# Day 21 test



## Helena123 (Jun 11, 2011)

Would be grateful if you guys could help me with this:

I'm currently on Day 14 (Wednesday) of my cycle and average about a 25/26 day cycle.  

I've been using the ovulation tests and yesterday came up positive for the surge.

This is where I am confused..............

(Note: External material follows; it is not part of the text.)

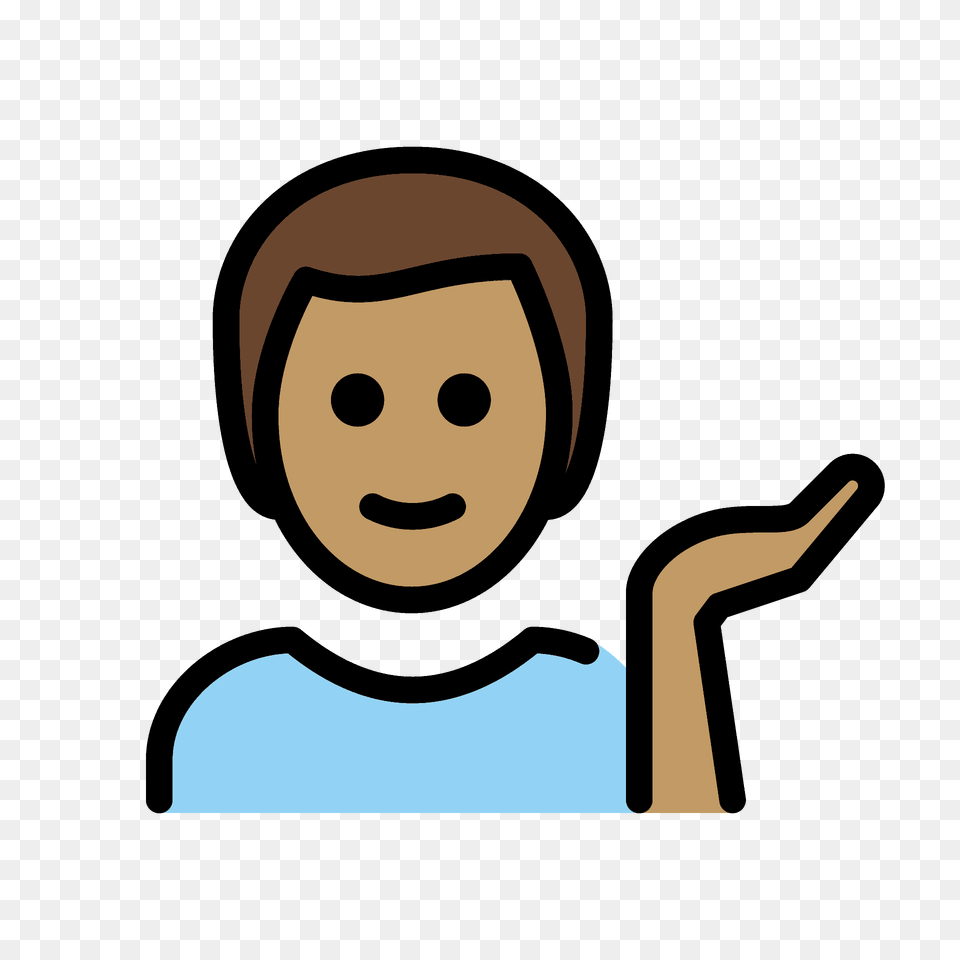 Man Tipping Hand Emoji Clipart, People, Person, Face, Head Free Png Download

Should I go for the progesterone test on Day 21 of my cycle..................OR is it...............7 days before my period begins?


Thanks
helena


----------



## Lisafoxey33 (Mar 30, 2012)

Hi you need your test on day 21!!


----------



## kiteflyer (May 13, 2011)

Hi yes day 21 I've always had to have mine 7 days after ovulation.


----------



## Helena123 (Jun 11, 2011)

Hi girls,

Thanks for your confirmation.  

You'd think it'd be so easy wouldn't you, I mean the test says it all 'Day 21', but then I start reading somewhere else that it is seven days before you get your period and then my mind gets all in a whurr.  I've got it booked now and it's my last one, then waiting until September to start.  


Thanks again x


----------



## Lisafoxey33 (Mar 30, 2012)

Good luck Helen, think your brilliant to do this alone!! Takes a lot of balls to do what your doing fair play good luck


----------



## ashleigh_89 (Jun 21, 2012)

Hiya hun its day 21 i had mine this morning Good luck 

xx


----------



## Helena123 (Jun 11, 2011)

I got the above result back.  As usual tried to do research into what is good and what is not, but get so confused.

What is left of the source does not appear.